Radio Frequency Identification (RFID) is a classic example of this process. The key technical breakthroughs were made by semi-conductor companies such as Motorola, Philips and Texas Instruments which traditionally had little to do with the label converting industry. Very quickly, suppliers to the label industry were developing systems to apply RFID inlays to pressure-sensitive labels and labelstock suppliers were offering converters ‘off the shelf’ labels incorporating RFID inlays. Now we see the development of thermal transfer printers which combine the functionality of RFID programming units. Next will be the ability to print viable UHF antennae with conductive inks on narrow web machines with development projects underway to print the electronic components directly onto a label.
It will ultimately be the entrepreneurial skills of label converters which will translate these technological breakthroughs into real-world applications, driven by the big retailers and brands who suddenly see a major opportunity to cut costs and drive efficiencies through their supply chains.
Using RFID as a model, converters and industry suppliers with an eye to future growth should constantly scan the technological horizon outside their own industry to consider where the next innovations might come from.
 Just one possibility to consider is the development by German company Hekuma of an in-mould labeling process for thermoforming, which the company hopes to have out in the market by the start of next year.
Hekuma has already developed a one cavity system to see how labels perform during the thermoforming process. At present the label sits in the cavity under the rim and with the one cavity system this works very well. The problem on larger and faster machines is getting the air out of the cavity from under the labels, and one possibility is to put small holes in the labels to prevent bubbles from forming. No decision has yet been made about how best to achieve this and the company is currently looking at two approaches - putting the holes in the labels during printing and alternatively perforating them during the actual thermoforming process.


Hekuma is already scaling its technology up to a four cavity machine for in-mold labelling of beverage cups - think of single serve soups, for example -  which will be unveiled at the K plastics show in Dusseldorf, Germany.
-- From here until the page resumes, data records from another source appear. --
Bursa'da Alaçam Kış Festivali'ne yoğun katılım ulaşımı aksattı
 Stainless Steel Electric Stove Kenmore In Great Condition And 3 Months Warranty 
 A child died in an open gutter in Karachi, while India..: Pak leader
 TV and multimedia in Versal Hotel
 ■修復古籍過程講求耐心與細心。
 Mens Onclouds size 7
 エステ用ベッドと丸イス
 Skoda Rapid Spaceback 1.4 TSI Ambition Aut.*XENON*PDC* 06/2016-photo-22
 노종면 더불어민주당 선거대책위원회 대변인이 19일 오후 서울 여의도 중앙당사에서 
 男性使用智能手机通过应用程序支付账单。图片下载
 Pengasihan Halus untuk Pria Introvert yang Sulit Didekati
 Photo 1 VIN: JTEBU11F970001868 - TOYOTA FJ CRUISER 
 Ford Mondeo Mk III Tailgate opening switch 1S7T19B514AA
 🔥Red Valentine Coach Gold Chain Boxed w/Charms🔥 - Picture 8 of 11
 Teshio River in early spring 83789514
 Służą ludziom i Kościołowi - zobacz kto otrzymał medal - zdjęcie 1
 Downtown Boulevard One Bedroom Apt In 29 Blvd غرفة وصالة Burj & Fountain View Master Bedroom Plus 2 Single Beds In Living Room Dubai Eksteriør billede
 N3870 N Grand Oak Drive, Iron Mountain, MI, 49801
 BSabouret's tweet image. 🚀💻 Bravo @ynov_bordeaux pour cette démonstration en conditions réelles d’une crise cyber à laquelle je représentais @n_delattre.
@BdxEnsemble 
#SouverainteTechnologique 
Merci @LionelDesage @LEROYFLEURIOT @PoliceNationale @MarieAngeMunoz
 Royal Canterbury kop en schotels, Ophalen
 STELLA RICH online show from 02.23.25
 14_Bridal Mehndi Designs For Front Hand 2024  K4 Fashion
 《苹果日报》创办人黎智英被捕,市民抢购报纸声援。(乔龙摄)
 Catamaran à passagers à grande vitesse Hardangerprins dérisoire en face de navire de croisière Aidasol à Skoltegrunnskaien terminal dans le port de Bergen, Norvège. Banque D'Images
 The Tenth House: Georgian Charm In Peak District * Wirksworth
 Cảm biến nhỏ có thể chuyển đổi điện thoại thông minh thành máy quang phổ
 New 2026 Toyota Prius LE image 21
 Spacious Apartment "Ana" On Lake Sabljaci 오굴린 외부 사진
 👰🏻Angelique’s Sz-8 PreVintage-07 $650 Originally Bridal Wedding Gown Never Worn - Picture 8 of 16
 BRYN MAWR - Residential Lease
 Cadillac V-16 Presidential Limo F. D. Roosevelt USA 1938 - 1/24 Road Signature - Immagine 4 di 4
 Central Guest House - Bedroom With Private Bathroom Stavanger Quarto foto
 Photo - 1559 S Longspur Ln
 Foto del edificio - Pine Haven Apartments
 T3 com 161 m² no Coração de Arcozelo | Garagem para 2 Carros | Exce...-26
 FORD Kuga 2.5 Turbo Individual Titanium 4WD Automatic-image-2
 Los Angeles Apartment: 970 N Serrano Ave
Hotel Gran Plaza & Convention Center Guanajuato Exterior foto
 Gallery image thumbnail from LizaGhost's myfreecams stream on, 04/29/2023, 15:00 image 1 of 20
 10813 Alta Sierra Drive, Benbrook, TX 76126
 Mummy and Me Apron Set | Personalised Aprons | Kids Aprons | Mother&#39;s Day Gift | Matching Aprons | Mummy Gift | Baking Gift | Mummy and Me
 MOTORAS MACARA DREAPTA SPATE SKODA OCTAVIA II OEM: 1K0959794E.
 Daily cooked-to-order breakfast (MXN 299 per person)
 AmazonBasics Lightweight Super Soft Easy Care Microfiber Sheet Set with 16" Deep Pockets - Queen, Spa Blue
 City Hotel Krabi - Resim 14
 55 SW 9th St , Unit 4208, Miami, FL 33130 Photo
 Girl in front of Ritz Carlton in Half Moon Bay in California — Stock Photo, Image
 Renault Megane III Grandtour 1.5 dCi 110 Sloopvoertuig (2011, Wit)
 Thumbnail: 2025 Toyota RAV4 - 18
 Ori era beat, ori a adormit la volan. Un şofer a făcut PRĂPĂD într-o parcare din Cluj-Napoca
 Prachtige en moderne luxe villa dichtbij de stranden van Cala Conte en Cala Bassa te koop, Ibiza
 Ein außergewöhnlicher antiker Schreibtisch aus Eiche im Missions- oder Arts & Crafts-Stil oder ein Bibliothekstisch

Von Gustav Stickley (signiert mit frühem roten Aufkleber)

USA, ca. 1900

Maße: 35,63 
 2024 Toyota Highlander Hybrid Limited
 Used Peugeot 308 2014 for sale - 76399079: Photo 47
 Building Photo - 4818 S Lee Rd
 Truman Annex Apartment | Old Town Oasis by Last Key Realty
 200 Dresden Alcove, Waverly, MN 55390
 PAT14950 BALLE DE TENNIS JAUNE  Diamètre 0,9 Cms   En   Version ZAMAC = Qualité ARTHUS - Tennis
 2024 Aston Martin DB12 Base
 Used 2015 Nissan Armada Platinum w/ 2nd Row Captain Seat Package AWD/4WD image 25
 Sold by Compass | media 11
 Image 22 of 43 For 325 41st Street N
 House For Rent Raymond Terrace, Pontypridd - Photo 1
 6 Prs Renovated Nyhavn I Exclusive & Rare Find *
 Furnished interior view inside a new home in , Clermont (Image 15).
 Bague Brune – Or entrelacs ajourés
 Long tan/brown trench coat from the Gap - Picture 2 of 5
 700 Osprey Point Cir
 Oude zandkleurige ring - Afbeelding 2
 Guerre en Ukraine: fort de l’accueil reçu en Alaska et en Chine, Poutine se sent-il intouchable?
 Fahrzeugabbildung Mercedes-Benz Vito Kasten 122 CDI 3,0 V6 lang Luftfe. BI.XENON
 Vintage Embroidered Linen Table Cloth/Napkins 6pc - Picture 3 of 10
When perfected, Hekuma’s  technology will enable thermoformers to adopt a decorative technology previously only available to injection moulders. This will open up major opportunities for label converters to enter markets currently dominated by direct decoration.


And not just sheetfed converters. Look out at Labelexpo Americas for significant developments in systems to convert rolls of IML labels, both in-line (GiDue’s approach, for example) and off-line (including systems from Dan Mekano and Gallus’ newly launched EM260/340/410/510’C’ converting systems). It is also interesting to note that Cut-in-Place IML machines - where the label web is cut on the application machine – now account for 10 per cent of IML installations, further opening opportunities for in-line printers capable of handling unsupported, heat sensitive substrates.


Although the labels industry remains under considerable pressure in Western Europe, North America and Japan, there remain open significant channels for growth for those with the vision to exploit them.